Le livre I, qui s’ouvre par une fameuse invocation à Vénus, dénonce les méfaits de la religion – qui ont conduit au sacrifice d’Iphigénie –, mais surtout enseigne que le monde est composé d’atomes indestructibles et indivisibles, et que rien ne se crée ni ne se perd. Le livre II traite du mouvement des atomes, entraînés dans le vide par une chute éternelle et amenés à se grouper pour former les corps sans intervention divine. Le livre III caractérise l’identité du principe vital (anima) et du principe pensant (animus), composés d’atomes plus subtils que le corps ; l’âme périt avec ce dernier, et une vie future n’est donc pas à redouter. Le livre IV explique le mécanisme de la connaissance par la théorie des sensations : celles-ci ne nous trompent pas si nous les interprétons sans illusions ni passions. Le livre V relate l’histoire du monde et de l’homme : le monde est constitué par des éléments périssables qui résultent de la rencontre fortuite des atomes ; l’évolution de l’humanité est solidaire du progrès. Le livre VI a pour objet les phénomènes susceptibles d’effrayer l’homme : ceux-ci n’ont pas pour cause la colère des dieux, mais ils s’expliquent d’eux-mêmes – comme l’épidémie de peste d’Athènes.

Une pédagogie pour l'humanité

Poignante interrogation sur le destin de l’homme et de l’Univers, le poème de Lucrèce tend à démontrer que celui qui comprend la physique (entendons la nature dans son ensemble) se conduit aussi selon la morale (entendons la voie vers la sagesse). Il contient certes d’admirables intuitions scientifiques qui se voudraient optimistes, mais il peut aussi se lire, à travers ses interrogations mêmes, comme un traité du désespoir.
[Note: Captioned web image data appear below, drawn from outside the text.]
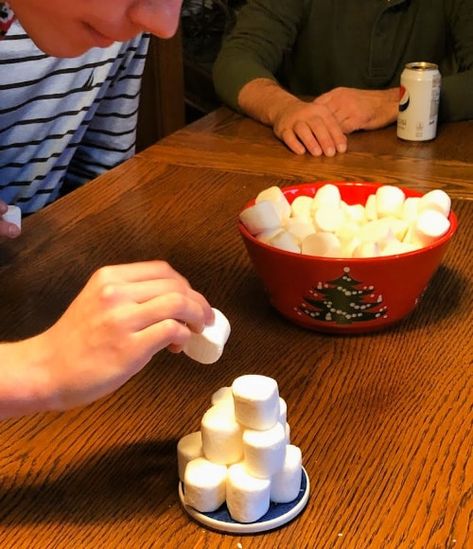 Christmas Game: Stack the Marshamallows Christmas Games For Family Marshmallow, Marshmallow Christmas Game, Marshmallow Christmas Games, Big Family Christmas Games, Marshmallow Games For Adults, Oven Mitt Christmas Game, Cup Christmas Game, Marshmallow Stacking Game, Christmas Table Games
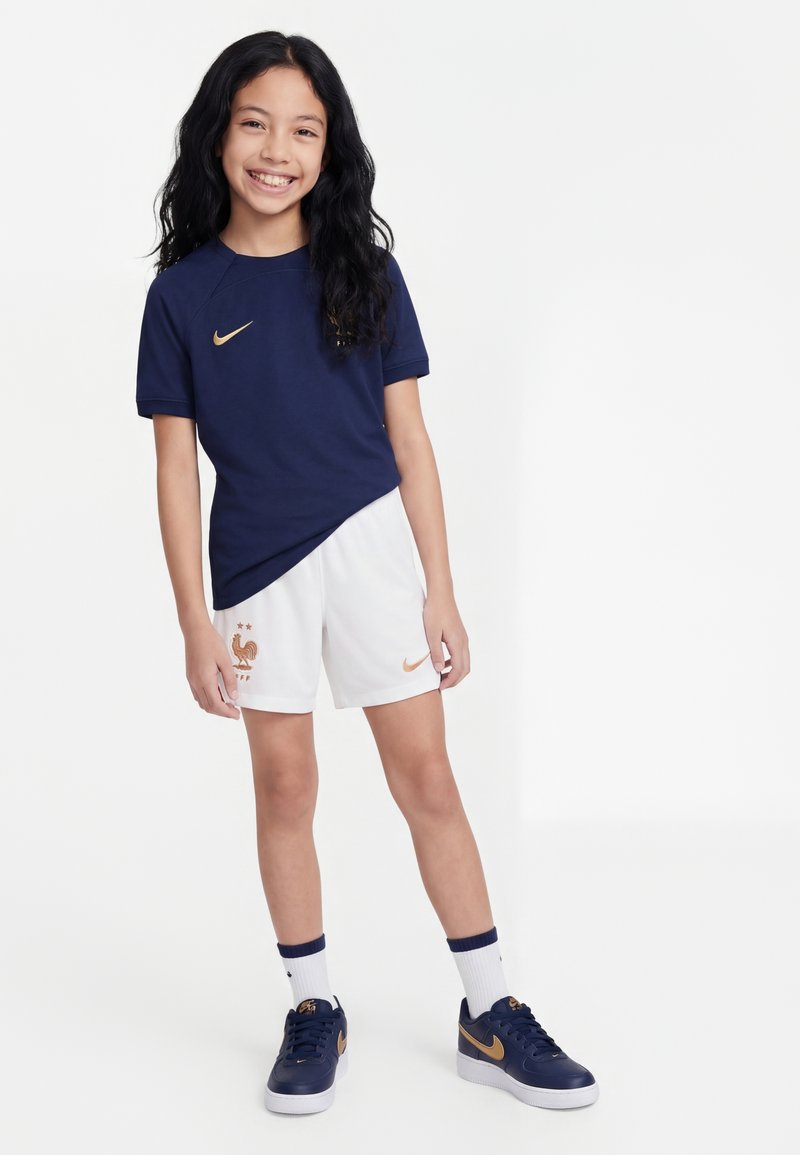 Fille souriante, debout avec une posture détendue, portant un t-shirt de sport bleu marine, un short blanc avec un logo, des chaussettes blanches et des baskets bleu marine avec des accents dorés.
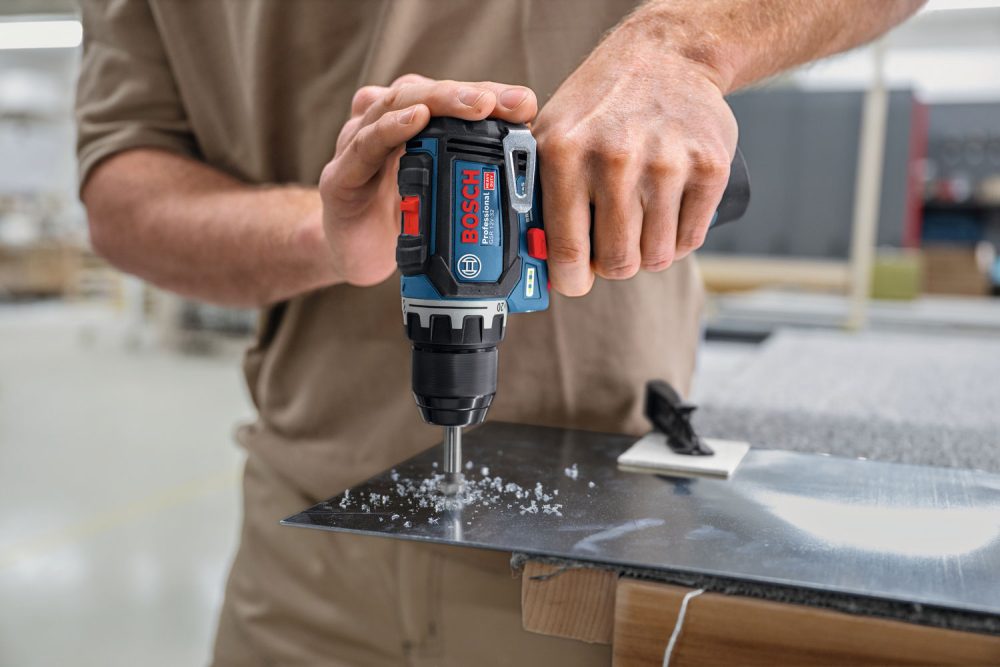 BOSCH aku bušilica GSR 12V-32 2xAku 12V 2,0Ah + 36 dj. set pribora torba - Image 4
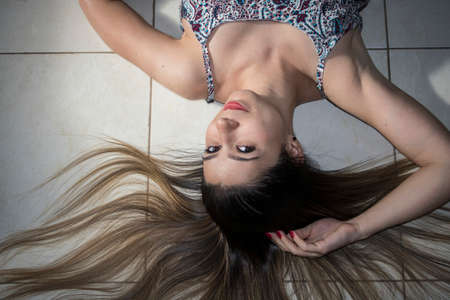 Girl lying on the floor with heart shaped hair.の写真素材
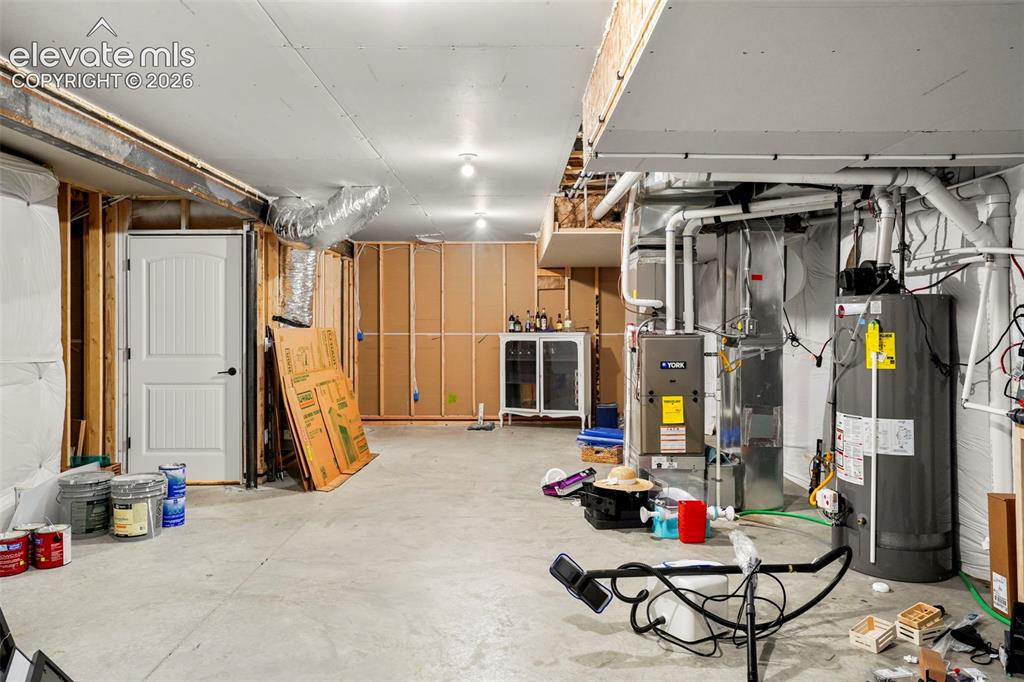 Image 27 of 37: Storage in basement along with rough-in area adjacent to secondary primary.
Qu’est l’être humain sinon un corps jeté malgré lui dans le monde, dénué de tout dès l’enfance et contraint à vivre une vie qu’il n’a pas réclamée ? Cette étrangeté de l’existence humaine suscite un sentiment d’insécurité : angoisse de l’infini, vertige métaphysique, mais aussi conscience de la contradiction fondamentale que présente la nature, tantôt apaisée et rayonnante (livres I et II), tantôt hostile ou indifférente à la souffrance humaine (livres I, II, V et VI).

Quelle issue avons-nous ? Vers quelle transcendance pouvons-nous nous tourner ? Si une puissance divine existe, force est de constater qu’elle se révèle « incapable de reculer les limites du destin, de lutter contre les lois de la nature » (livre V, 309-310), et donc d’infléchir notre humaine condition. En fin de compte, la mort qui nous attend n’est pas terrifiante mais salvatrice. Elle nous libère de notre angoisse existentielle. Avant cela, l’homme devenu sage est celui qui s’est défait aussi bien de la crainte des dieux que de celle de la mort. Celui qui connaît alors le plaisir.